Kaikeyi's personality and her relationships are quite revealing in Ayodhya Kanda of the Valmiki Ramayana. Kaikeyi maintained strong relations with her maternal family even after her wedding to King Dasharatha. Her brother Yudhajit visits her many times and takes a keen interest in the life of her son Bharata, often taking the latter and Shatrughna away to the Kaikeya kingdom during the summer.

Kaikeyi helped her husband Dasharatha in the Dandaka forest while he was at war. While Kaikeyi saved the king in the war, as per mythology, her left hand was strong as a diamond (a boon from a Saint) so the king accompanied her during wars.

Kaikeyi was the king's favorite queen. Kaikeyi's nature is described as being temperamental and unpredictable. While she was mostly gentle, it is evident that she disliked the king spending time with his other queens.
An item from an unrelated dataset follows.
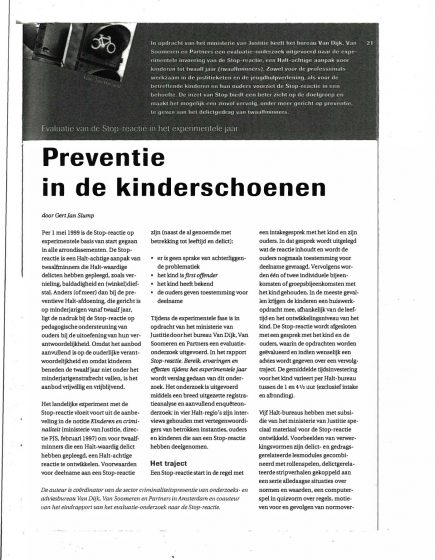 Preventie in de kinderschoenen, evaluatie van de Stop – reactie in het experimentele jaar – Preventie in de kinderschoenen, evaluatie van de Stop – reactie in het experimentele jaar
King Dasharatha mentions that he did not treat his queen Kausalya with the love she deserved due to fear of Kaikeyi's tantrums and possessiveness.

Kaikeyi seemed almost naive when it came to understanding the rights of the four princes to Ayodhya's throne. She naively mentions to her maid Manthara that Bharata can rule Ayodhya after Rama, not understanding the law of primogeniture. It is Manthara who educates Kaikeyi of the manner of succession.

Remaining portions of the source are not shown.